Three other things continue to give me so much more back than just fitness. One is my BJJ whanau. When I started at GSW, there was a blessed freedom in being in a place where no-one knew anything about me. At that time I felt so branded as a Widow, so soaked in Coping With Tragedy, that a room full of people who didn't know my story was the greatest freedom I could have asked for. Now I'm deeply embedded in the club and the thing I love is the utter diversity of it, the builders and psych nurses and lawyers and coders and students I spend time with. Sure, there's probably 100 men on the books and eight women, but coming from the art world this can be very relaxing too.

The second is the calmness BJJ brings me. When I started BJJ my head was a mess. On the mats, I found peace - I couldn't keep up my mental churn whilst making my body do these bizarre things. It took so much concentration to figure out how to put this shoulder there and that foot there and then get my butt up in the air, that I couldn't possibly think about anything else. Today, drilling is more like yoga, a kind of meditative activity, and I spend more time attending to other people's learning, but rolling is still a series of six minute encounters where everything else gives way to the need to choke someone before they choke you.

And the third is resilience. After I started I got adopted by a Brazilian dude who - among many other things he taught me - explained he was going to help me by holding me down and smothering me until I learned to stop freaking out. And it worked, maybe not from his lessons, but in general: today I think I handle stress so much better not because I go to training and take it out on people, but because through putting myself under regular physical pressure I've learned to manage all the chemical and physical alerts your body throws at you when you feel afraid.
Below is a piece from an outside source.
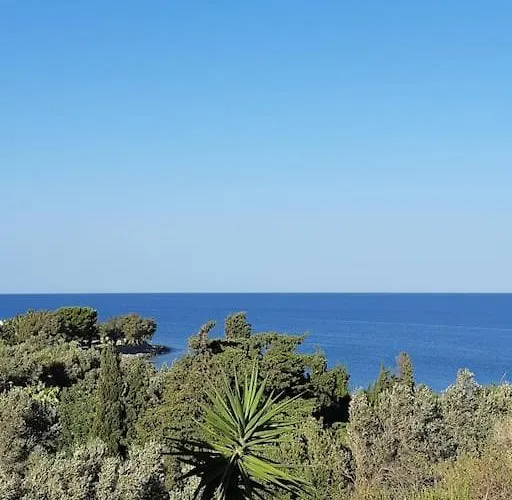 La Maison, Σπίτι διακοπών *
I also can't overstate how much I have gained in physical confidence. It's not just the mind-body connection I've developed, where I can tell my body to do something and miraculously it does; it's also that now that my body is honed for a purpose I can stop thinking of it as an aesthetic object to despair over. I might not have articulated it in the way Ronda Rousey did, but I get where she is coming from:
I have this one term for the kind of woman that my mother raised me to not be. And I call it a do-nothing bitch. A kind of chick that just tries to be pretty and be taken care of by somebody else. That's why I think it's hilarious when people say my body looks masculine or something like that. Listen, just because my body was developed for a purpose other than fucking millionaires, doesn't mean it's masculine. I think it's femininely badass as fuck because there's not a single muscle in my body that isn't for a purpose. Because I'm not a do-nothing bitch.
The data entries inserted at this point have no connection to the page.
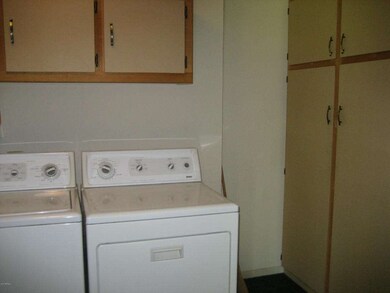 18406 N Conestoga Dr, Sun City, AZ 85373 - photo 4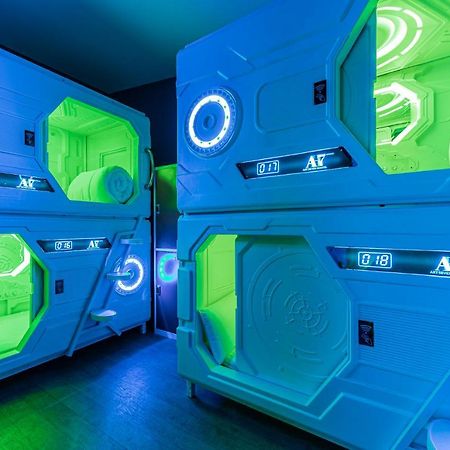 Art Seven Hostel Capsules Мадрид Экстерьер фото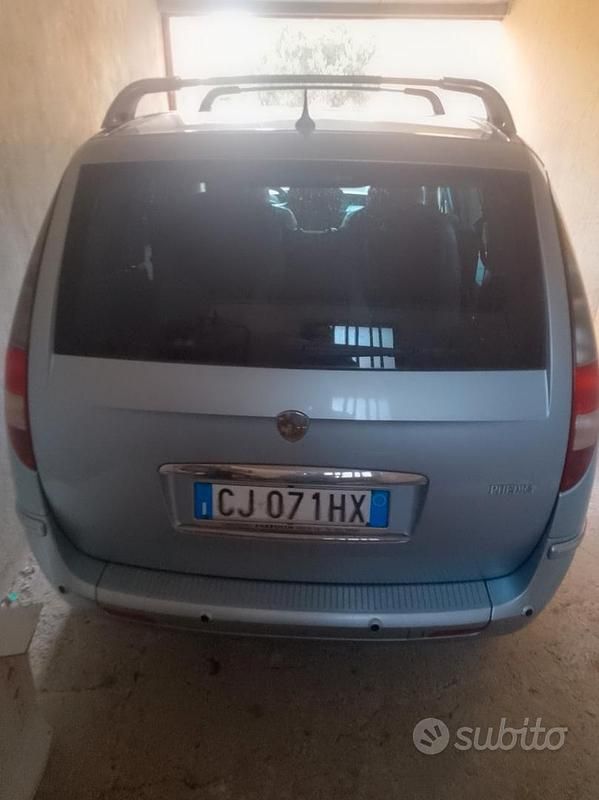 Usata Lancia Phedra 128 CV (94 kW) 2003 Grigio Monovolume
There is so much more I could say to you about jiu jitsu. I could talk to you about how I think this whole "it helps a smaller person defeat a bigger person" thing is bullshit (newsflash: a bigger person will always be bigger than you and if they land on top of you - well, maybe having excellent guard retention is going to help me out, but the likelihood I'm going to triumphantly rear-naked choke a 90kg assailant in the street and run off with his pants is fuck-all). I could talk about how new it is as a code, and how the whakapapa of the community fascinates me. I could talk about how I could still never hit or kick someone for fun, but for some reason entangling a guy's leg then trying to break open their knee joint is my idea of a great night out.
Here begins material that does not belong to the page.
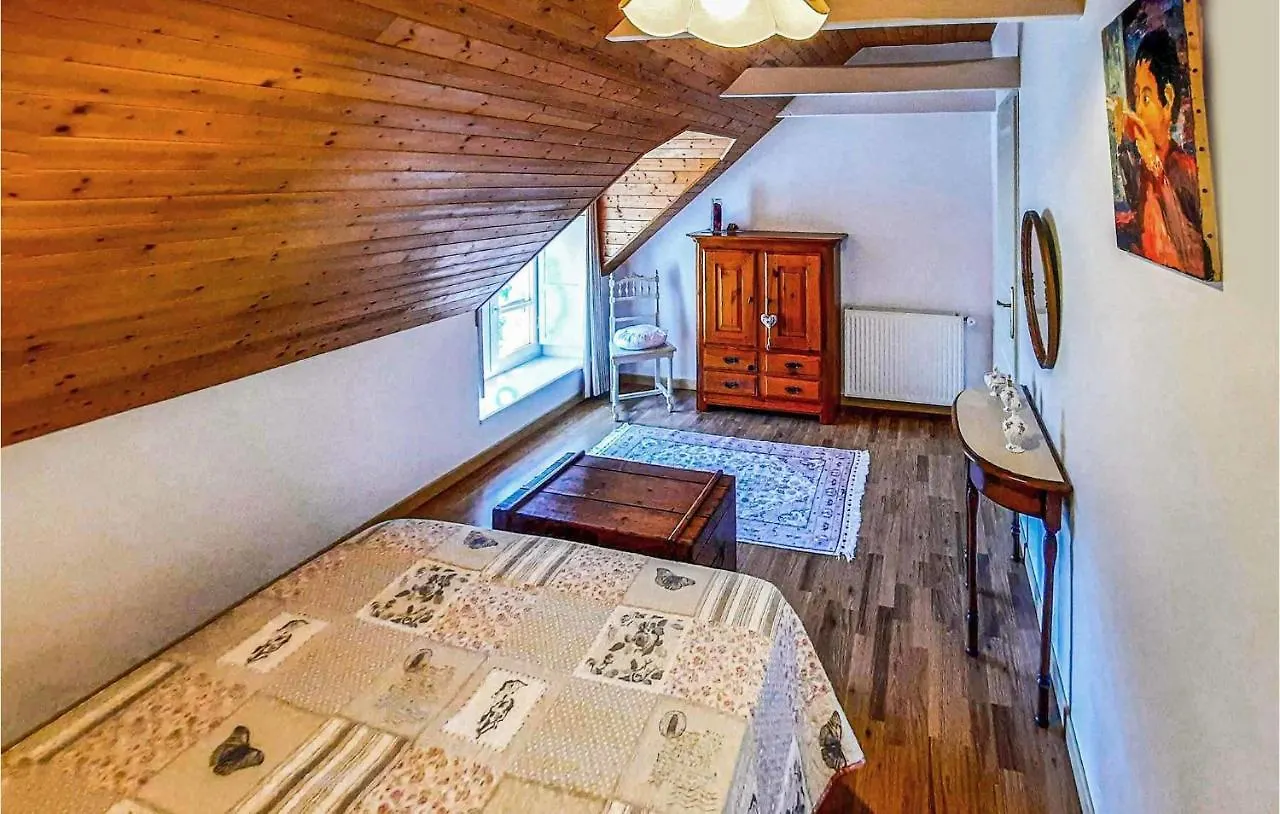 Hébergement de vacances Gorgeous Home In Tregunc With Kitchen Kerguillaouet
But the whole point of this newsletter was actually to get you to this point. Before Grantland closed David Samuels wrote an extraordinary piece for the site called One Hundred Years of Arm BarsMore like a short book than an essay, it chronicles the key family in Brazlian jiu jitsu, the Gracie dynasty, and the evolution of the sport from judo to a more ground-based practice through the 20th century to its incorporation in the commercially-driven MMA environment. Detailed, poetic and quietly violent - it's everything you want BJJ to be.

*Grappling Sports Wellington. Or Gospel Singers Wellington. Whatever you like: we are not a school that bows before they get on the mat.
*'Rolling' is sparring; 'drilling' is learning a move.